The magazine matched its topical ambition with resources. Its main photographer "traveled all over the world, sleeping in fishermen's shacks in Japan, hanging out with Russian women on farms making pickles.... You have to be willing to break convention, and that's what we did," Kalins says. "We showed people you could do that. I think for journalists it's so much more rewarding. I think it began a new era."
Dressed head-to-foot in black and spangled in silver jewelry, Gourmet Editor in Chief Ruth Reichl sat at a round table in her office decorated in blondes and reds, with an orchid preening before a wall of windows framing Times Square. It's a far cry from Saveur's gray and tattered office ambience.
Reichl served as the New York Times' food critic for six years before Grimes took over. She was the Los Angeles Times' food editor before that. Her two memoirs--"Tender at the Bone" and "Comfort Me With Apples"--are best-sellers. She's the editorial equivalent of the "celebrity chef"--the Emeril Lagasse of food media. Shortly after the interview in her office, CNN was stopping by for some taping.

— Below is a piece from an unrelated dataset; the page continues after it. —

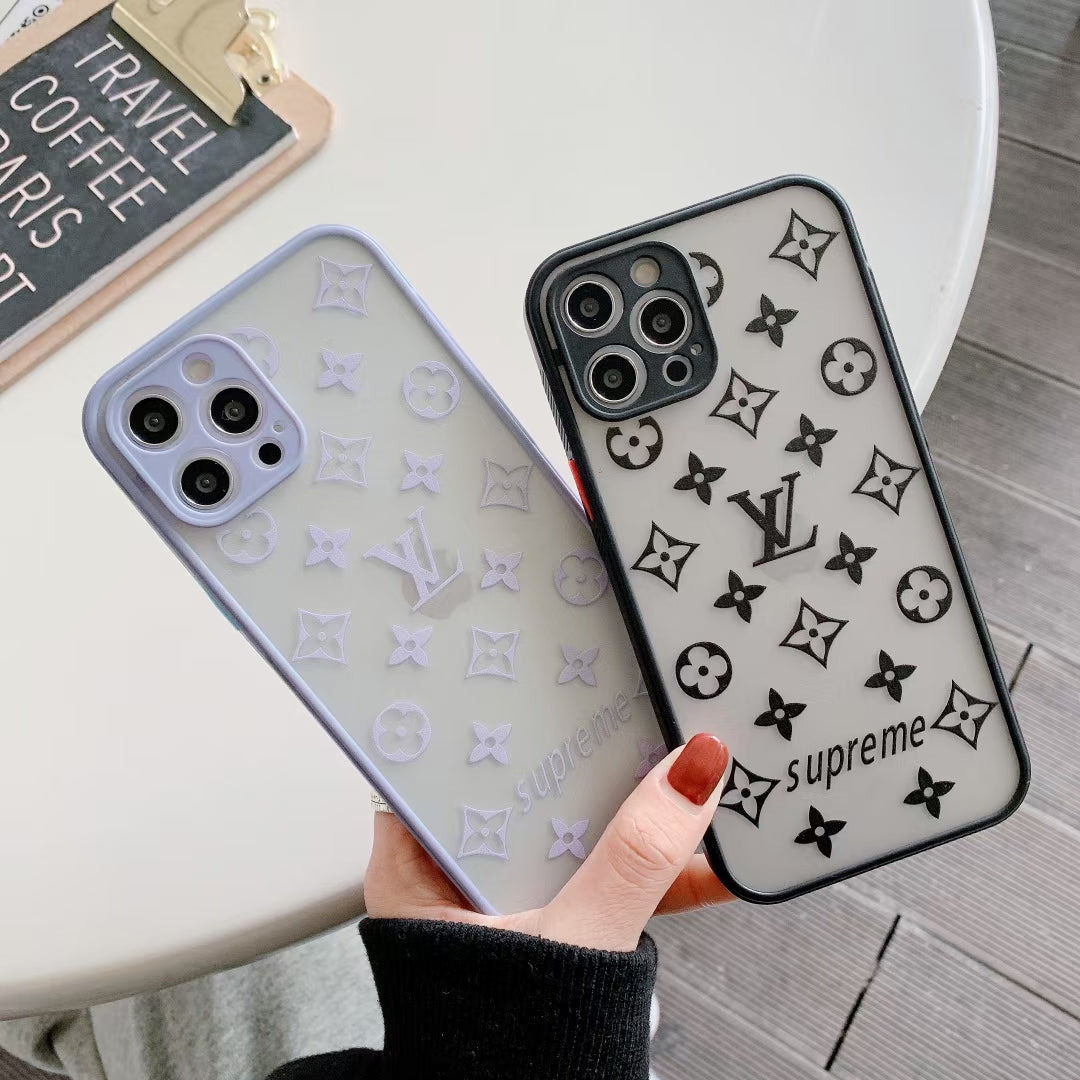 Luxury Frosted letter phone case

Despite the trappings, Reichl seems to have preserved the intellectualism that fueled her rise through the food world from waiting tables in Ann Arbor, Michigan, to scavenging for whole-Earth foods on a California commune, to leading Gourmet, the nation's oldest food magazine.
Food writing "demands a lot of territory," says Reichl, who tends to smile as she speaks. To understand what Americans eat today, reporters should, among other things, study immigration law and demographics. She says government policy should be important to any food writer.
When she became the Los Angeles Times' food editor in 1990, she says the section was "an embarrassment." "It was literally not written in the English language. It was hair-raising the way that thing was put together."
With competing supermarkets taking out enormous advertisements, the section harvested millions of dollars in ad revenue, but the Times' management paid no attention to the copy. The section served as a cash cow, paying the salaries of reporters and editors in other sections of the newspaper. Stock photographs of Campbell's soup cans and other products were the "art," wire service copy filled out the pages and the section's news editor maintained a catalogue of stories organized by length.
"If she had like a three-inch hole, she just looked, it didn't matter what it was," Reichl says. "The first week I was there I said, 'Throw it all away, I don't want one piece of it.' She said, 'You can't, you'll never run this section.' And I said, 'If I have to write the whole section myself I will.' She had stuff that was 15 years old and she thought nothing of just, 'OK, I've got a seven-inch hole, here's something.' "
Reichl sent reporters into disparate immigrant communities to learn about their cuisines. She sent people to supermarkets just "to watch what people were eating." One reporter, she says, spent a month with a family living on food stamps.
After more than an hour of talking constantly, almost feverishly, about food and journalism, Reichl summarizes that in terms of food journalism, it's "an extraordinary time."
At the San Francisco Chronicle, says Bauer, the reporter who had been writing about gay issues chose to switch to the food beat. And both the news and features sections now compete for the foodie's stories.
"It's exciting, with all of this mainstreaming of food journalism," Bauer adds. "I think we'll see a huge leap forward."